Activity: Which lines run from the line with "American Pie 1 - 4 Collection" through the line with "Slide of Strands Electric" in the entries below? Print them exactly, both ends included, and nothing more.

Material for this exercise:
- Opening Delimiter -

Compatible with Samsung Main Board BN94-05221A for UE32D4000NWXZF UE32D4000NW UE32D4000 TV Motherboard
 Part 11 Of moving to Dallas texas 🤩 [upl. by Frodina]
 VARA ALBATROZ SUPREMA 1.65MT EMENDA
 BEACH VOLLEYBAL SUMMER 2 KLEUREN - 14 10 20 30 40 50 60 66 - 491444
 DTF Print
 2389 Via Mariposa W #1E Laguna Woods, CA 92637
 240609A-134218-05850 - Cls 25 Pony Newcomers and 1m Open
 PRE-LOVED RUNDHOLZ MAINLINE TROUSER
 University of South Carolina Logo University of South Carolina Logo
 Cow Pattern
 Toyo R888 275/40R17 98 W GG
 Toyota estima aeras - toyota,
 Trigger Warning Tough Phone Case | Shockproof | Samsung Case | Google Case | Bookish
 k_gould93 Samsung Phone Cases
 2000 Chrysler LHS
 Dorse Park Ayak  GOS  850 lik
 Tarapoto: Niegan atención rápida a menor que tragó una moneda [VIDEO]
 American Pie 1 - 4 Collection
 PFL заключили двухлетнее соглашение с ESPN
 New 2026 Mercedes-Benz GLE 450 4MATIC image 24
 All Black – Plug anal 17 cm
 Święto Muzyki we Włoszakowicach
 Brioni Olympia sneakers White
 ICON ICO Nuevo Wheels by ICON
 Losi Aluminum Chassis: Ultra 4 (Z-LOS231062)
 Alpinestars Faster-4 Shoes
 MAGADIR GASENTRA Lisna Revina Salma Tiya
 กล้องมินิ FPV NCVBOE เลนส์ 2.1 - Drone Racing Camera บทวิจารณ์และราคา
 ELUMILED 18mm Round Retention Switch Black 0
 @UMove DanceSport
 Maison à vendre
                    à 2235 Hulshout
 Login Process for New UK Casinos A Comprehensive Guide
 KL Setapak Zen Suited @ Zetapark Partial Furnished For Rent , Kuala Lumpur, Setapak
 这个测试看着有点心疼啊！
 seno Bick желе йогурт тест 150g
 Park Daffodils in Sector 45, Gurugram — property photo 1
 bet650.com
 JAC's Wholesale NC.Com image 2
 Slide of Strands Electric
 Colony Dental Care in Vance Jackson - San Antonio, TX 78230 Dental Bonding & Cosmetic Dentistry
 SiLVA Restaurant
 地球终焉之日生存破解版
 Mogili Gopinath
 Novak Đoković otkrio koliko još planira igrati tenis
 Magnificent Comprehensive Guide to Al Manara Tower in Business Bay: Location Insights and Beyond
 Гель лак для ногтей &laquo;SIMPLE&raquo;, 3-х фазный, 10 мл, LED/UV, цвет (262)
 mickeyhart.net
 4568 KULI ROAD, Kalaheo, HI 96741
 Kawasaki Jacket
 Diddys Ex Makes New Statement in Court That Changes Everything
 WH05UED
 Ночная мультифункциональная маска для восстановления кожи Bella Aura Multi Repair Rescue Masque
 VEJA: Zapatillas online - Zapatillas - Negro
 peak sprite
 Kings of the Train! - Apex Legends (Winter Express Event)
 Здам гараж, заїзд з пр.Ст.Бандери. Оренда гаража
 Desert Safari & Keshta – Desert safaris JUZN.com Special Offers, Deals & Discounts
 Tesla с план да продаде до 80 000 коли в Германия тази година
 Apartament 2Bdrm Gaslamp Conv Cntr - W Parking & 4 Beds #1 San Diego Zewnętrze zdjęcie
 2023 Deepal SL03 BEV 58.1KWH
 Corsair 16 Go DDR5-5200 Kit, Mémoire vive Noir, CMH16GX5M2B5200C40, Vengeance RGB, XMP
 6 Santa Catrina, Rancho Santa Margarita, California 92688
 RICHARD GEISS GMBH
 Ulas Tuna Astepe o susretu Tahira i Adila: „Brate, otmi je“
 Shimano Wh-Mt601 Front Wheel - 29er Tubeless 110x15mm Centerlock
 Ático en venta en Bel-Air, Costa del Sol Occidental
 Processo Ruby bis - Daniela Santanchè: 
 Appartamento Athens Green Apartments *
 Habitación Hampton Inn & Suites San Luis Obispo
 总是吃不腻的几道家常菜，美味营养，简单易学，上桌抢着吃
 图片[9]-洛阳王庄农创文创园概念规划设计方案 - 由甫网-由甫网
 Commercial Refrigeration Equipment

- Closing Delimiter -

Written answer:
 American Pie 1 - 4 Collection
 PFL заключили двухлетнее соглашение с ESPN
 New 2026 Mercedes-Benz GLE 450 4MATIC image 24
 All Black – Plug anal 17 cm
 Święto Muzyki we Włoszakowicach
 Brioni Olympia sneakers White
 ICON ICO Nuevo Wheels by ICON
 Losi Aluminum Chassis: Ultra 4 (Z-LOS231062)
 Alpinestars Faster-4 Shoes
 MAGADIR GASENTRA Lisna Revina Salma Tiya
 กล้องมินิ FPV NCVBOE เลนส์ 2.1 - Drone Racing Camera บทวิจารณ์และราคา
 ELUMILED 18mm Round Retention Switch Black 0
 @UMove DanceSport
 Maison à vendre
                    à 2235 Hulshout
 Login Process for New UK Casinos A Comprehensive Guide
 KL Setapak Zen Suited @ Zetapark Partial Furnished For Rent , Kuala Lumpur, Setapak
 这个测试看着有点心疼啊！
 seno Bick желе йогурт тест 150g
 Park Daffodils in Sector 45, Gurugram — property photo 1
 bet650.com
 JAC's Wholesale NC.Com image 2
 Slide of Strands Electric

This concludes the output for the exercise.